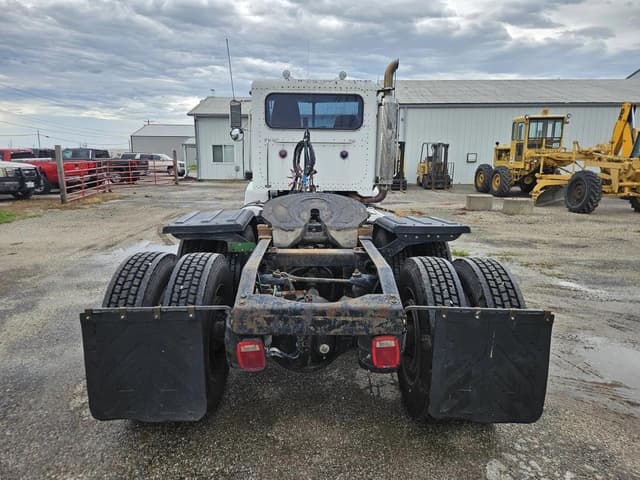 Image of Peterbilt 377 equipment image 3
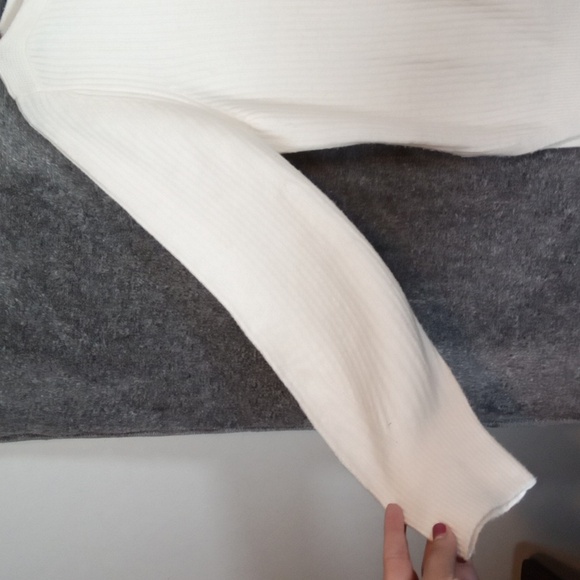 Athleta Cream Crew Neck Sweater Soft Knit Minimalist Design Merino Size Large - Picture 3 of 10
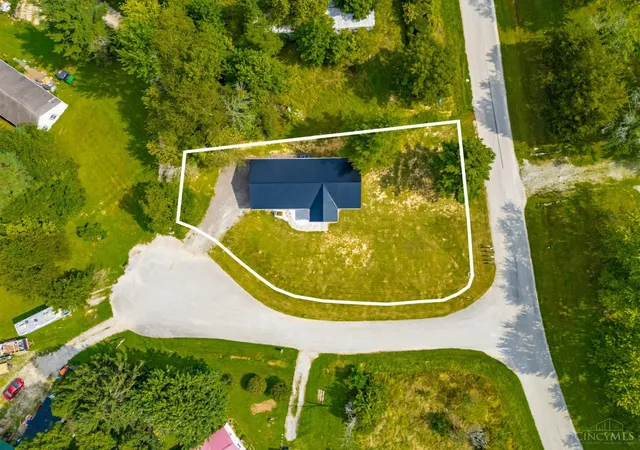 Photo 2 of Single family home for sale at 11849 Maple Trl, Paint Twp, OH 45133 | MLS# 1891897 | Listing updated on 2026-09-14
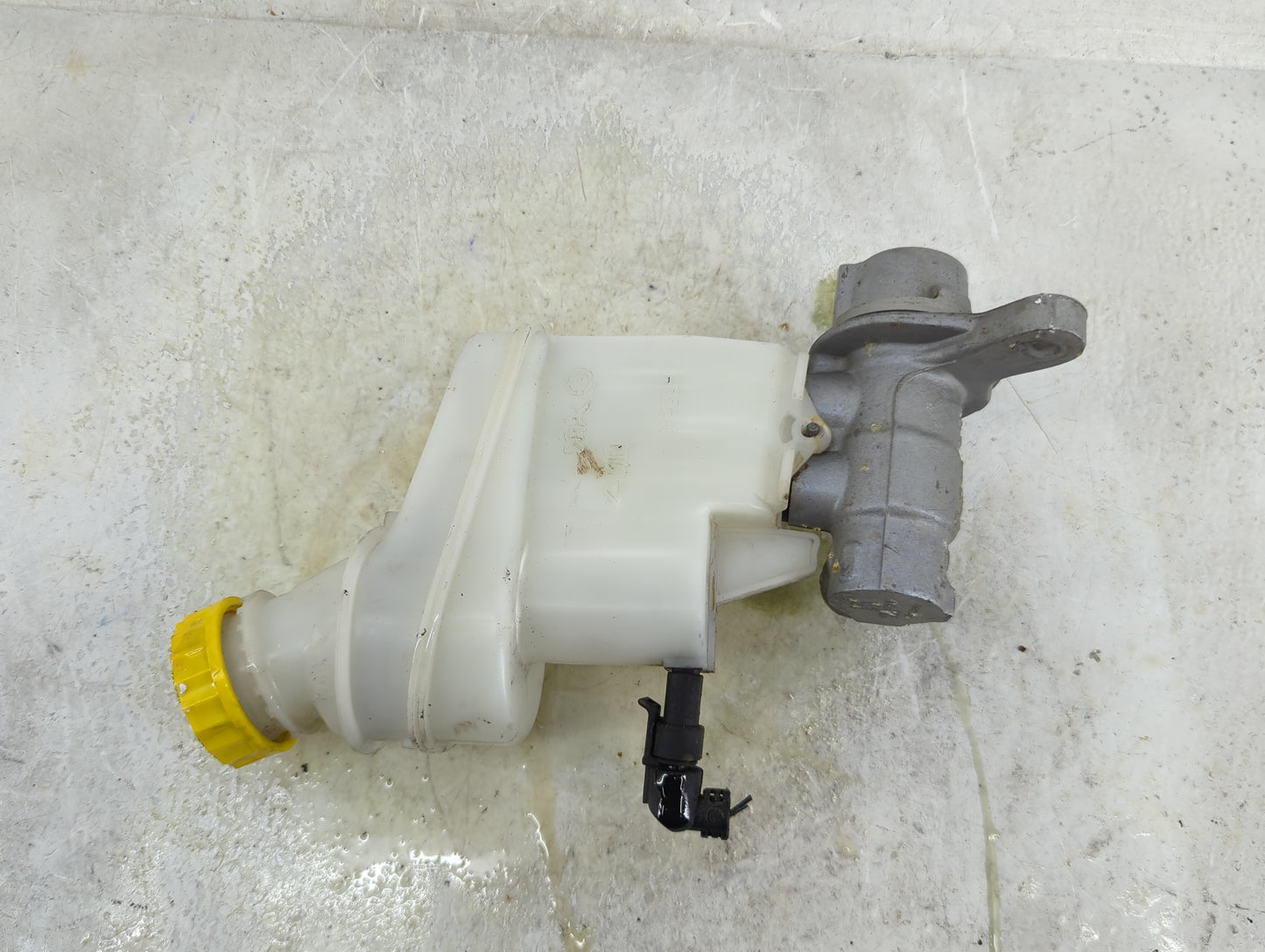 2015-2018 Jeep Renegade Brake Master Cylinder 1490694 - Oemusedautoparts1.com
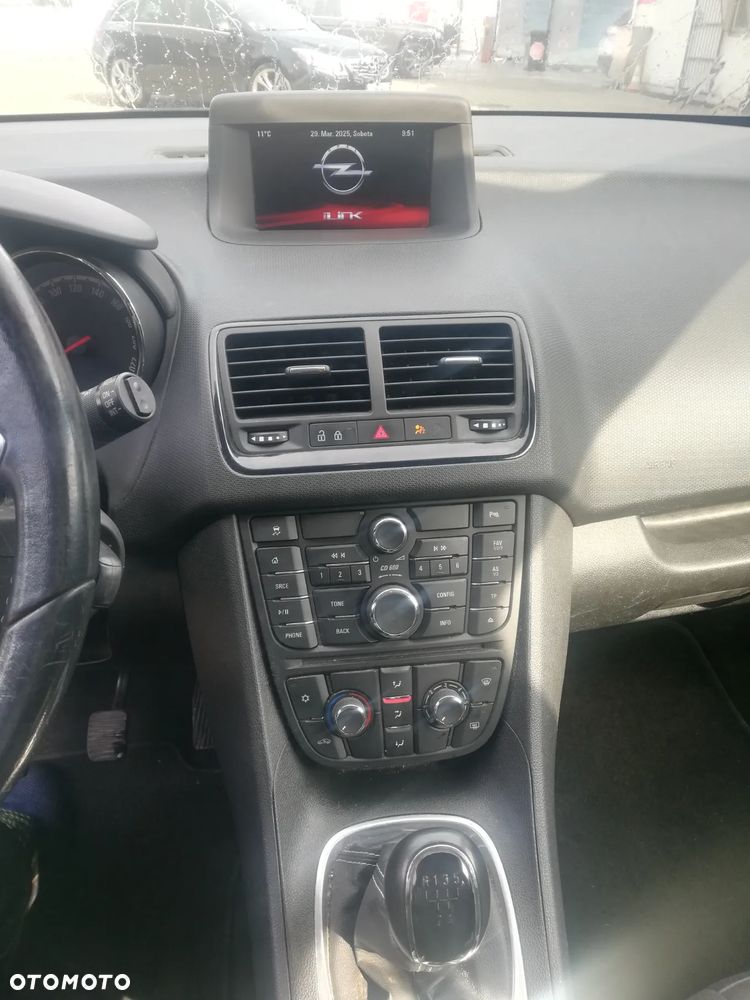 Opel Meriva 1.4 Design Edition - 8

++++++

Once the pictures are set aside, what is needed is the lines from the line with "2015-2018 Jeep Renegade" through the end of the data, written out exactly and alone.

**Result**:
 2015-2018 Jeep Renegade Brake Master Cylinder 1490694 - Oemusedautoparts1.com
 Opel Meriva 1.4 Design Edition - 8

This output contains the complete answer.